Even as the press continues to hammer home the concept of the Iraq war as a failed enterprise, buffered by polls that show declining support, gains are being made in Iraq on a daily basis: a constitution was approved in October following a messy political battle, coalition and Iraqi forces are regaining control of "Route Irish" the road from Baghdad to the airport that has been plagued by attacks throughout the occupation, new US-Iraqi efforts are under way to cut off the flow of foreign fighters inflitrating across the Syrian border, and the country is preparing to elect a permanent constitutional government in December, with participation by many of the Sunni groups who boycotted elections last January. Based on the enthusiastic participation of Iraqis in the last two elections, there is every reason to expect that the coming elections in December will be equally successful.

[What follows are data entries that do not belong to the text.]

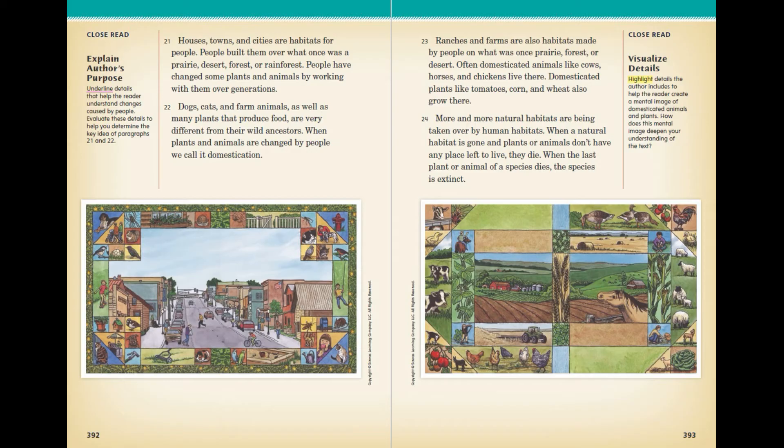Houses, towns, and cities are habitats for people. People built them over what once was a prairie, desert, forest, or rainforest. People have changed some plants and animals by working with them over generations. Dogs, cats, and farm animals, as well as many plants that produce food, are very different from their wild ancestors. When plants and animals are changed by people, we call it domestication. Ranches and farms are also habitats made by people, where domesticated animals like cows, horses, and chickens live, and domesticated plants like tomatoes, corn, and wheat also grow.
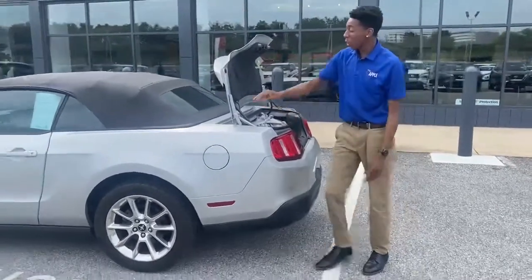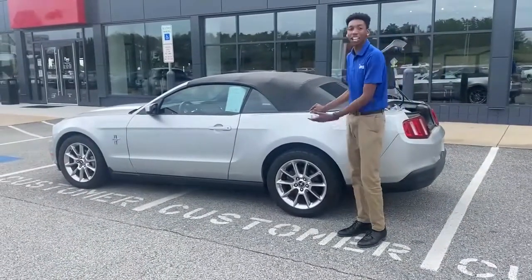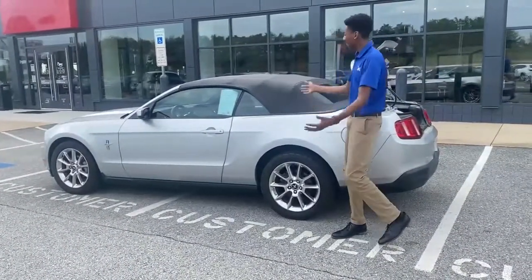This thing also only has around 52,000 miles on it, and I'm not sure it's gonna last long. So come and check it out while you still have the opportunity, alright? Beautiful car.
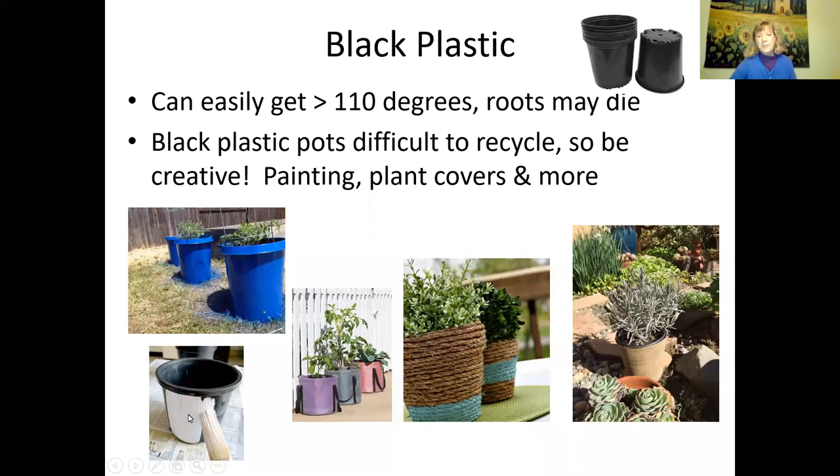You can be creative with black plastic pots. You can use plant covers — I got one at a trade show made from scraps of outdoor upholstery fabric with UV inhibitor, and it's lasted many years. Someone used rope around their black plastic containers. Another person put black plastic five-gallon containers inside fancy grow bags. So be creative — you can reuse black plastic pots for now.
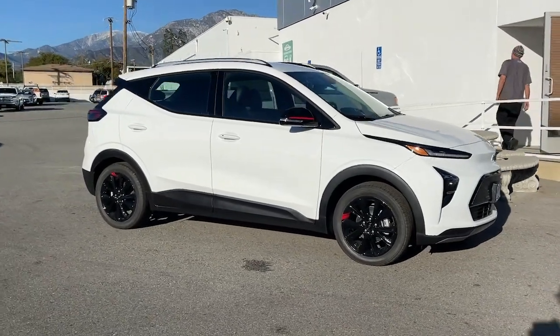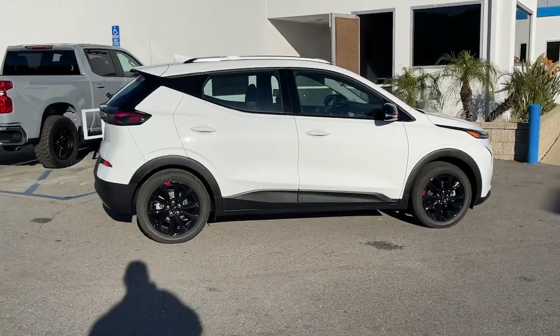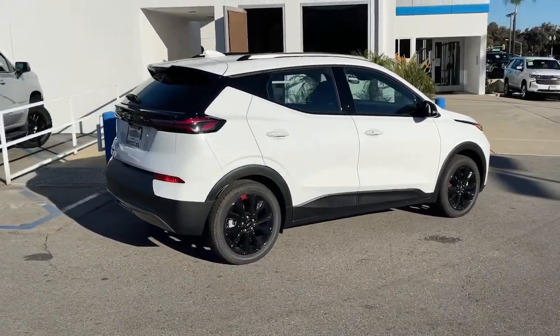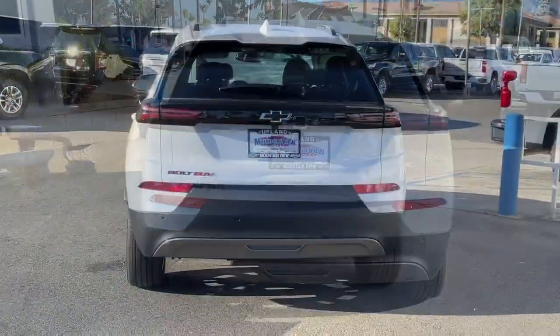Here is a wonderful 2023 Chevrolet Bolt EV. The all-electric Bolt EV delivers an impressive range, sleek styling, nimble handling, lively performance, and smart charging technology.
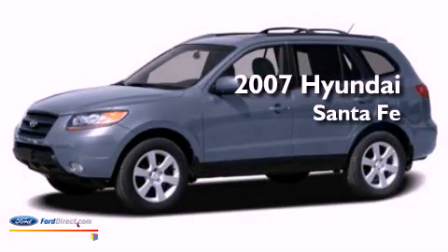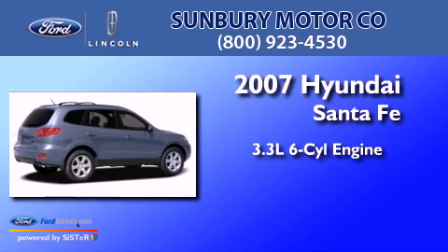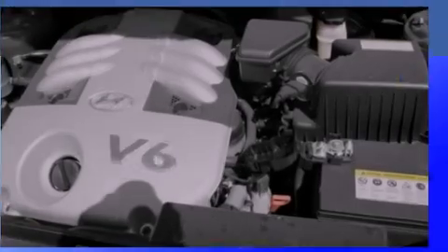This is a 2007 Hyundai Santa Fe. It has a 3.3-liter, 6-cylinder engine, a 5-speed automatic transmission, and all-wheel drive.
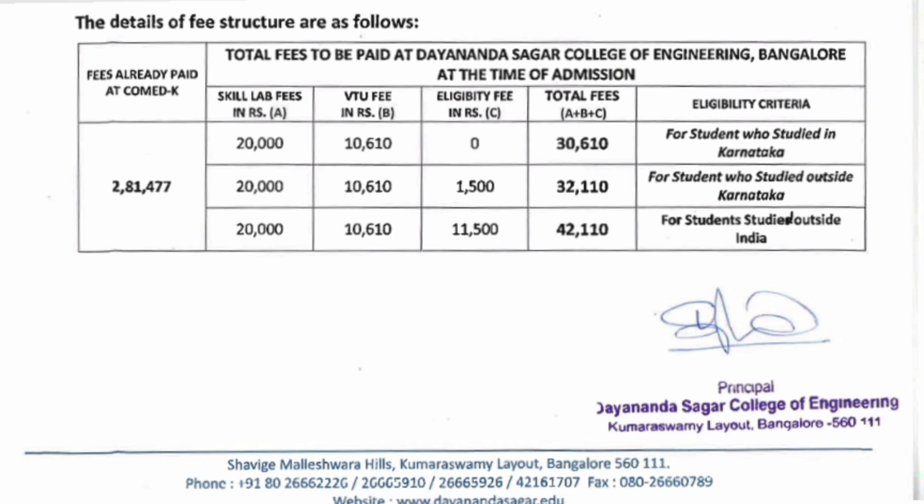For Comedk students, the fees is around 2,81,477 rupees, but this is the fees already paid at Comedk. Once you reach the college, you will have to pay extra fees: skill lab fees of 20,000 rupees and VTU fees of 10,600 rupees. All Karnataka students in Comedk will pay 30,610 extra. Students from outside Karnataka taking admission through Comedk will pay 32,110 extra every year. NRI students will have to pay 42,000 rupees extra every year.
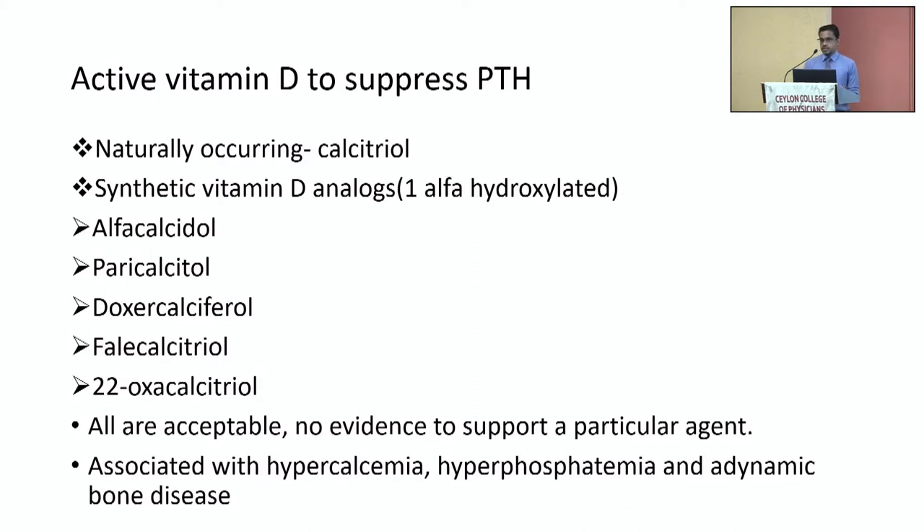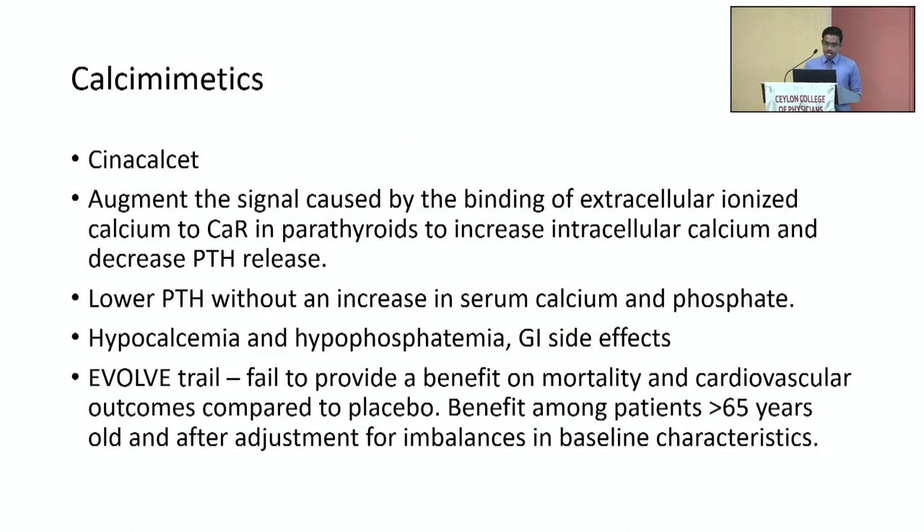The third component of management is management of secondary hyperparathyroidism. Secondary hyperparathyroidism is a high turnover disease associated with bone pain, muscle pain, fractures, erythropoietin-resistant anemia due to bone marrow fibrosis, treatment-resistant hypercalcemia and hyperphosphatemia due to continued release of calcium and phosphate from bone, as well as calciphylaxis, cardiovascular disease, and death. There are two main treatments: active vitamin D to suppress PTH — calcitriol and synthetic vitamin D analogues containing the 1-alpha component. Alpha-calcidol is available in Sri Lanka. The problem with active vitamin D forms is their association with hypercalcemia, hyperphosphatemia, and vascular calcification.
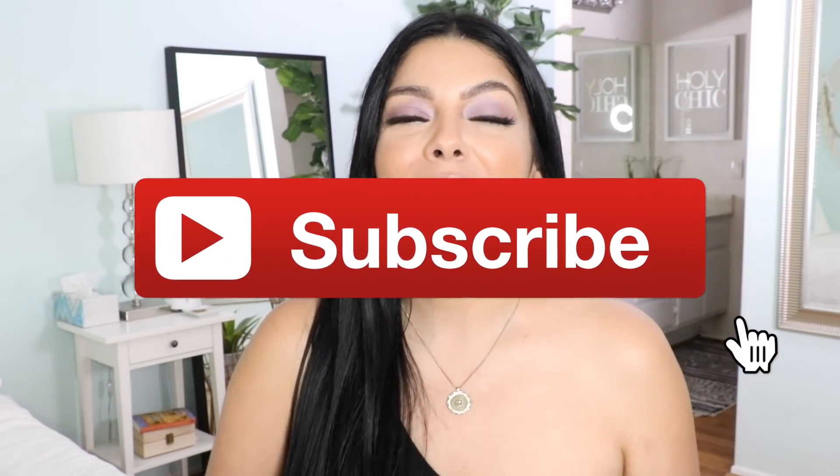Hey guys, welcome back to my channel. I'm Sonia and in today's video I'm gonna be sharing my current Amazon favorites. So many of you guys asked me over and over again where I get certain things, and most of the time it's from Amazon. Everything you're gonna see in today's video is all under $40 — super affordable — and I can't wait to share them with you. Don't forget to like and subscribe if you haven't already joined my family and let's get started.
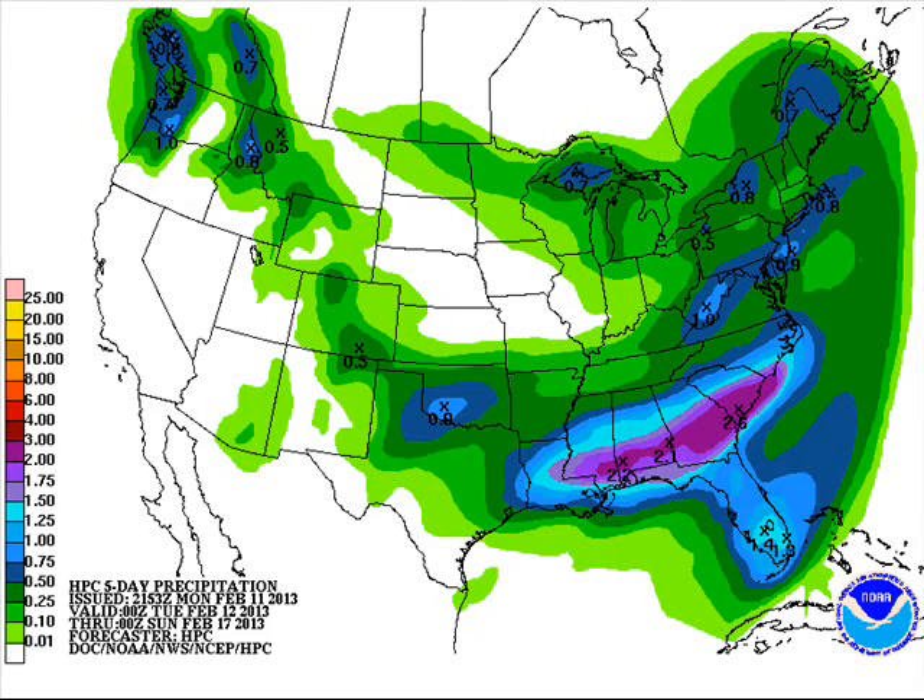The QPF precipitation chart over the next five days through Saturday evening at 6 o'clock shows very little, if anything, around here. Most of the precipitation will be well to our south and southeast, with upwards of one to two inches of rain possible in the south through the Carolinas.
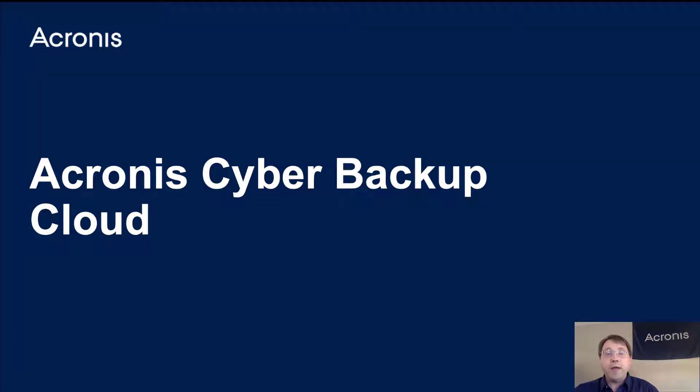We're going to talk about Acronis Cyber Backup Cloud. Every single feature that we're going to talk about within Acronis Cyber Backup Cloud is also a feature of Acronis Cyber Protect — it's automatically included. But you can sell this as a separate product in case you don't want to have all the security features of Acronis Cyber Protect as well.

So where does that leave Iraq? With a lawfully elected government and a miliatry and internal security force that is slowly but surely rising to the challenge of securing the country from terrorist attacks, enabling US and coalition forces to assume a lower profile role. As "insurgents" lose support from among a population that has placed its confidence in their elected government, and as the supply of jihadists arriving via Syria dries up, we will see a more stable and more confident Iraq.

Won't happen, you say? By all means, cite articles and polls refuting the above scenario. But there are life and death stakes here, so ask yourself whether you would truly rather see Iraqi democracy succeed, even if you don't agree with the way it was achieved.